*** Opening WORKING DATA ***

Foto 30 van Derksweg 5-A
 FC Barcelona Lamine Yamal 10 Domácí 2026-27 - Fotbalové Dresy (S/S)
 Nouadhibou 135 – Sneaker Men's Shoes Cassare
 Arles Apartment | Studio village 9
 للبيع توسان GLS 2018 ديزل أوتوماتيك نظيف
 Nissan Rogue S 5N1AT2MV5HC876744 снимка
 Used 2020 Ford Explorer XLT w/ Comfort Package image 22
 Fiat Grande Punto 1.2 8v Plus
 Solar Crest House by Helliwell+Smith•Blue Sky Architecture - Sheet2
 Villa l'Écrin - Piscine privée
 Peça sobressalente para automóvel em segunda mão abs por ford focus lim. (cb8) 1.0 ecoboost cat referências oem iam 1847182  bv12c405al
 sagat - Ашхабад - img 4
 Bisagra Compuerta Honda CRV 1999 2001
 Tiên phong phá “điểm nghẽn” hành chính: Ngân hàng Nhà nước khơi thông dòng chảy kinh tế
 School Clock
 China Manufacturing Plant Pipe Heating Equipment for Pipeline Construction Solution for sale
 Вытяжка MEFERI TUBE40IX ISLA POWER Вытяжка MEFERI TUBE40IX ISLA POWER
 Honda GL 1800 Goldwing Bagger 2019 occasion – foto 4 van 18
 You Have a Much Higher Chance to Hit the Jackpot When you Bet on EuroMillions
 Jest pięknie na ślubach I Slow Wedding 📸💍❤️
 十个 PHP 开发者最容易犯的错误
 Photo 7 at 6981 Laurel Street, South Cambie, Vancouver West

*** Closing WORKING DATA ***

ACTIVITY:
Wherever the word "Honda" turns up in a line of the entries above, copy that line.

ANSWER FOR THIS EXERCISE:
 Bisagra Compuerta Honda CRV 1999 2001
 Honda GL 1800 Goldwing Bagger 2019 occasion – foto 4 van 18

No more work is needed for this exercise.